--- Material shown ---

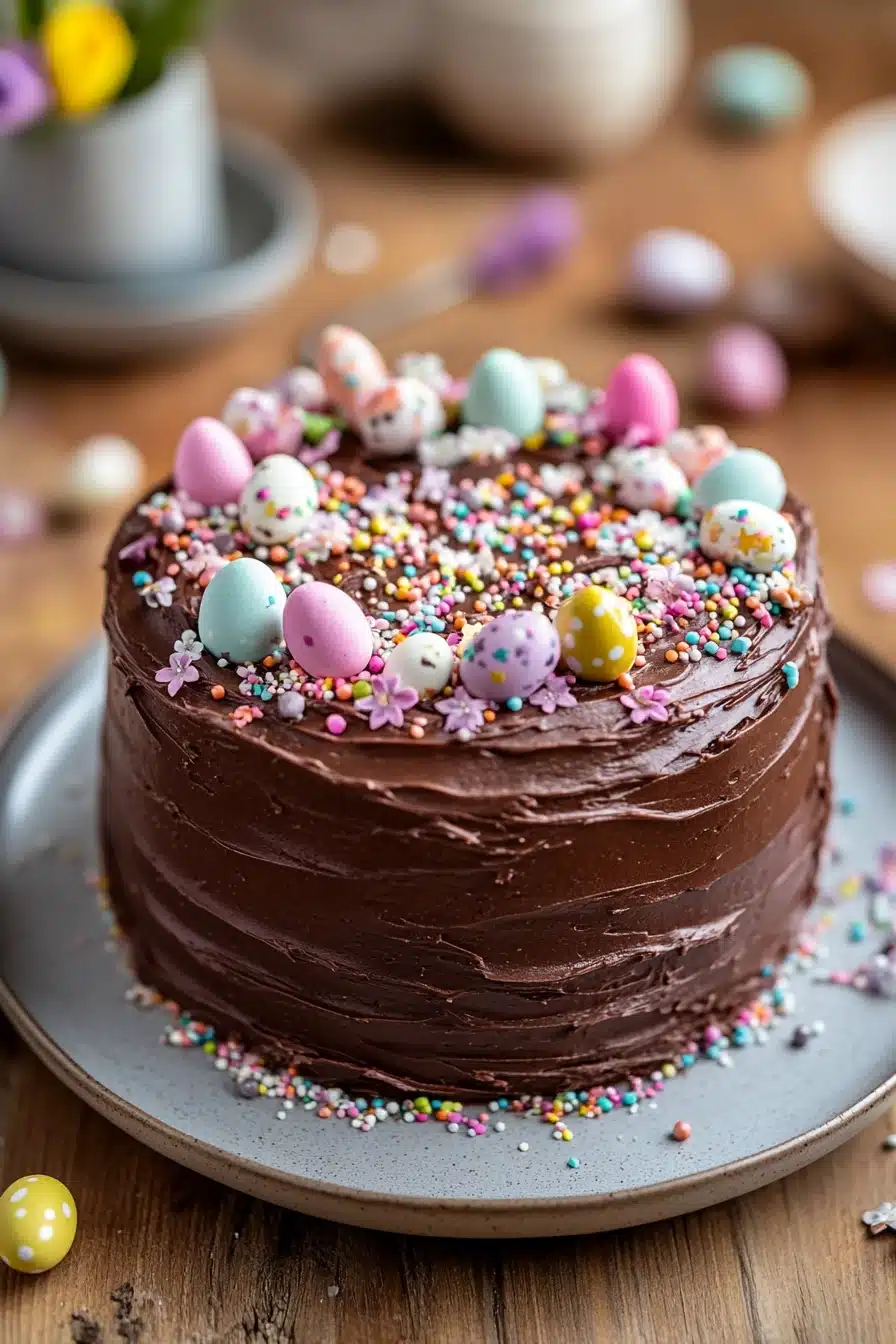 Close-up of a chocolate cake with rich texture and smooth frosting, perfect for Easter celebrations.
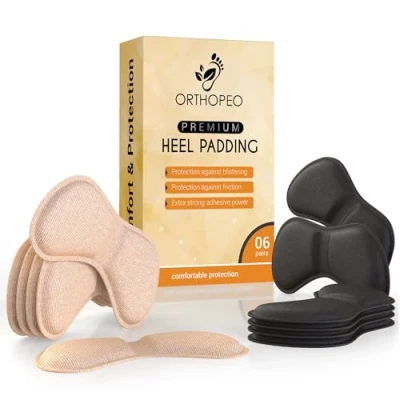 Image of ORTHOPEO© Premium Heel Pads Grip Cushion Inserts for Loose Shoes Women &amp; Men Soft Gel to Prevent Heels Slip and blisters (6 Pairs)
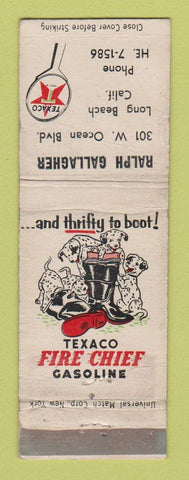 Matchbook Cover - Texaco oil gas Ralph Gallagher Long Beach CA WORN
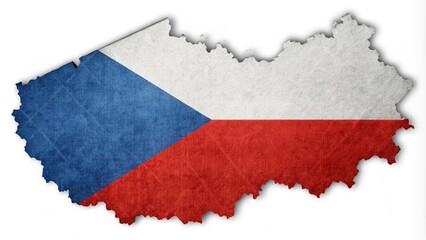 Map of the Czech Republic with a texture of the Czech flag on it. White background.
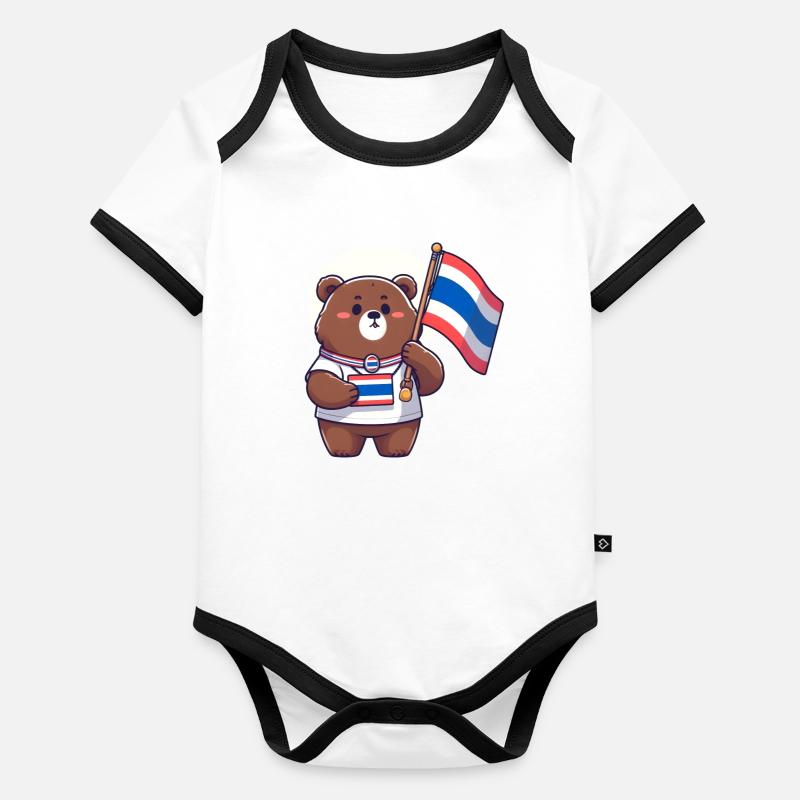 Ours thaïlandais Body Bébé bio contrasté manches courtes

---

▸ **Your assignment**: What you return should match the records line for line, minus the pictures.

▸ **Finished task**:
 Close-up of a chocolate cake with rich texture and smooth frosting, perfect for Easter celebrations.
 Image of ORTHOPEO© Premium Heel Pads Grip Cushion Inserts for Loose Shoes Women &amp; Men Soft Gel to Prevent Heels Slip and blisters (6 Pairs)
 Matchbook Cover - Texaco oil gas Ralph Gallagher Long Beach CA WORN
 Map of the Czech Republic with a texture of the Czech flag on it. White background.
 Ours thaïlandais Body Bébé bio contrasté manches courtes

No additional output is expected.